[Saved data entries]

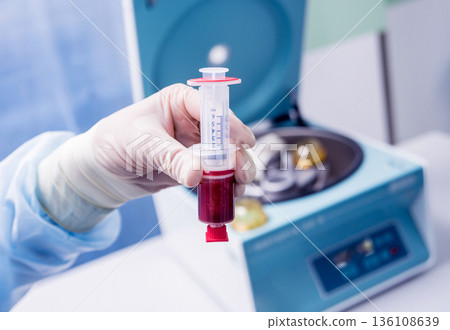 Platelet-Rich plasma preparation. Plasma in syringe. Centrifuge. Platelet-Rich plasma preparation. Plasma in syringe. Centrifuge. 136108639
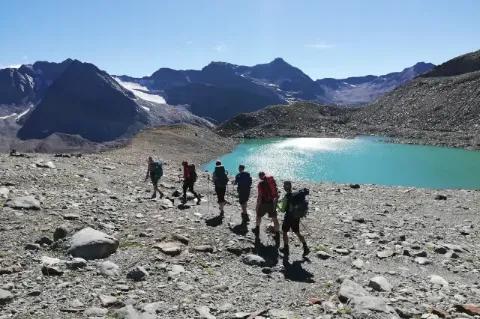 Gruppe von sechs Personen läuft durch Gerölllandschaft vorbei an einem blauen Bergsee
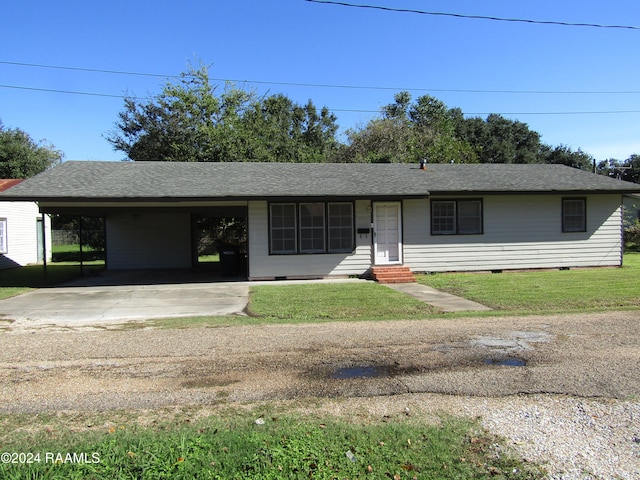 ranch-style house with a front lawn and a carport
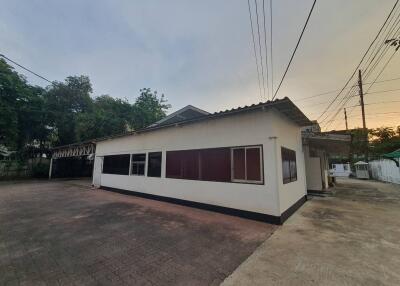 Exterior view of a single-story building with parking area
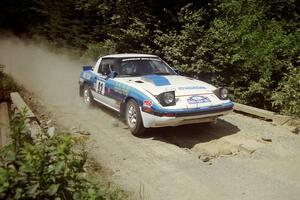 Mike Hurst / Rob Bohn Mazda RX-7 at speed over a bridge on SS5, Magalloway North.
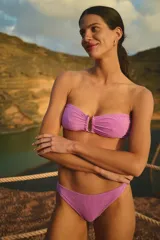 Conjunto de bikini violeta de lycra texturada simil toalla. El corpiño es strapless con tiras ajustables y unión de taza con avío metálico. La bombacha es vedetina con forrería a tono.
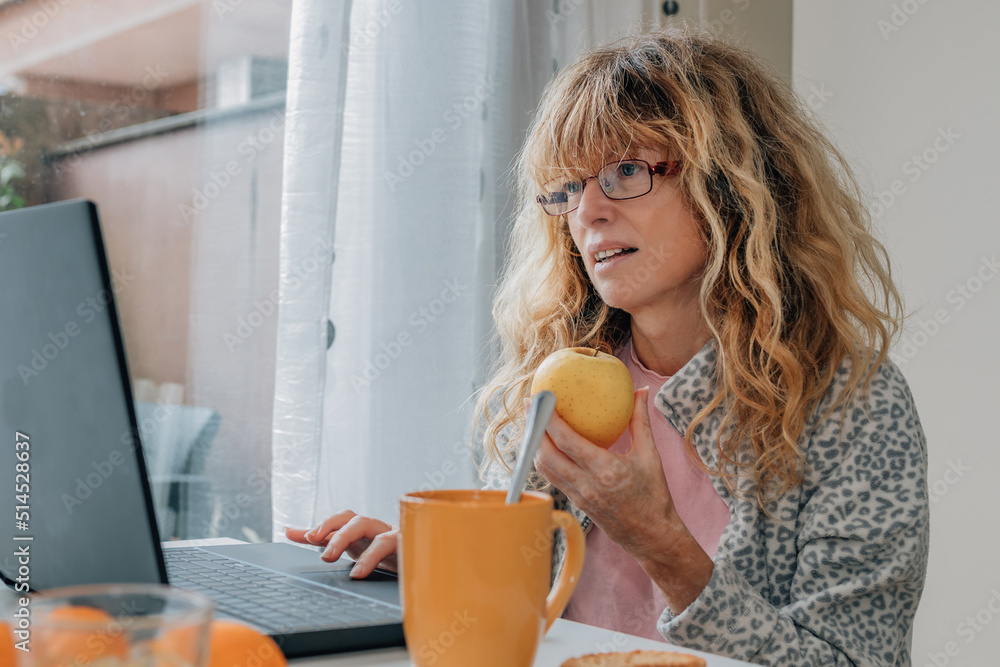 middle aged woman having breakfast at home with laptop middle aged woman having breakfast at home with laptop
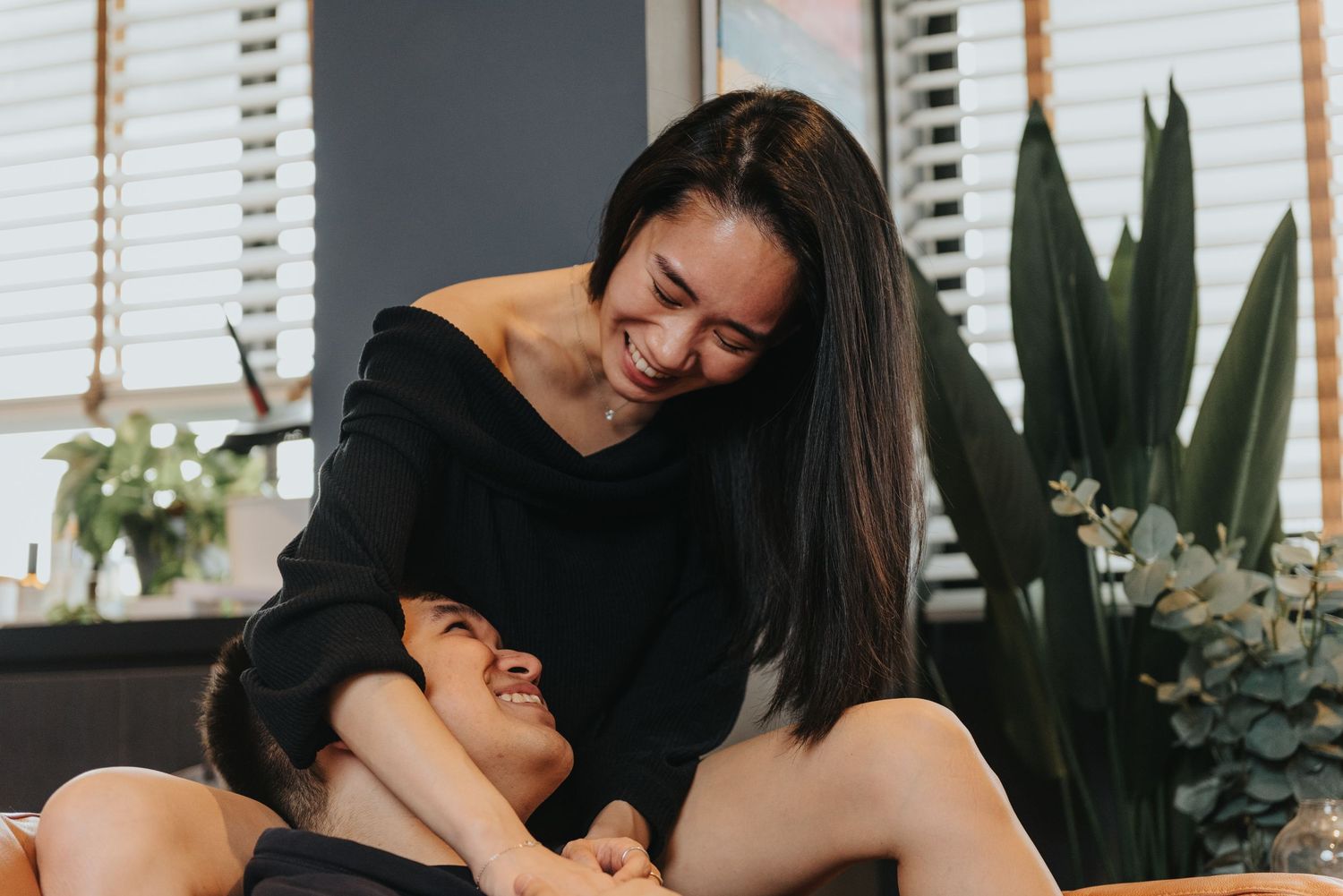 Couple sharing joyful moments on a bed with tropical plants and window blinds in background.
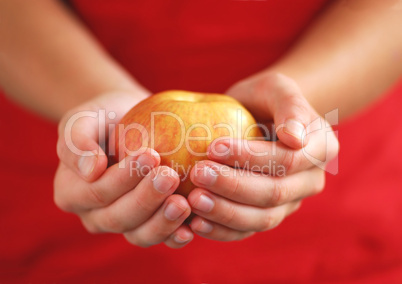 Apple in hands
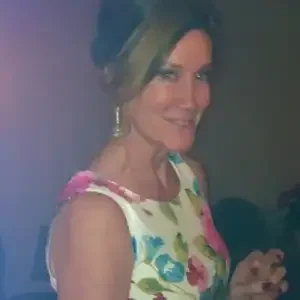 A woman with dark hair tied up, wearing a floral dress and earrings, smiling at the camera.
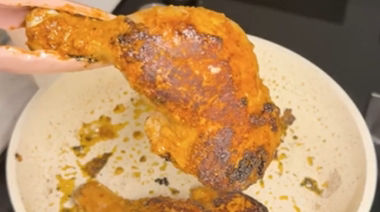 Creamy Iffa chicken coated in rich garlic cheese sauce and garnished with coriander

Exercise goal ▸ Repeat the records above exactly, leaving out any pictures they contain.

Result of this exercise ▸
 Platelet-Rich plasma preparation. Plasma in syringe. Centrifuge. Platelet-Rich plasma preparation. Plasma in syringe. Centrifuge. 136108639
 Gruppe von sechs Personen läuft durch Gerölllandschaft vorbei an einem blauen Bergsee
 ranch-style house with a front lawn and a carport
 Exterior view of a single-story building with parking area
 Mike Hurst / Rob Bohn Mazda RX-7 at speed over a bridge on SS5, Magalloway North.
 Conjunto de bikini violeta de lycra texturada simil toalla. El corpiño es strapless con tiras ajustables y unión de taza con avío metálico. La bombacha es vedetina con forrería a tono.
 middle aged woman having breakfast at home with laptop middle aged woman having breakfast at home with laptop
 Couple sharing joyful moments on a bed with tropical plants and window blinds in background.
 Apple in hands
 A woman with dark hair tied up, wearing a floral dress and earrings, smiling at the camera.
 Creamy Iffa chicken coated in rich garlic cheese sauce and garnished with coriander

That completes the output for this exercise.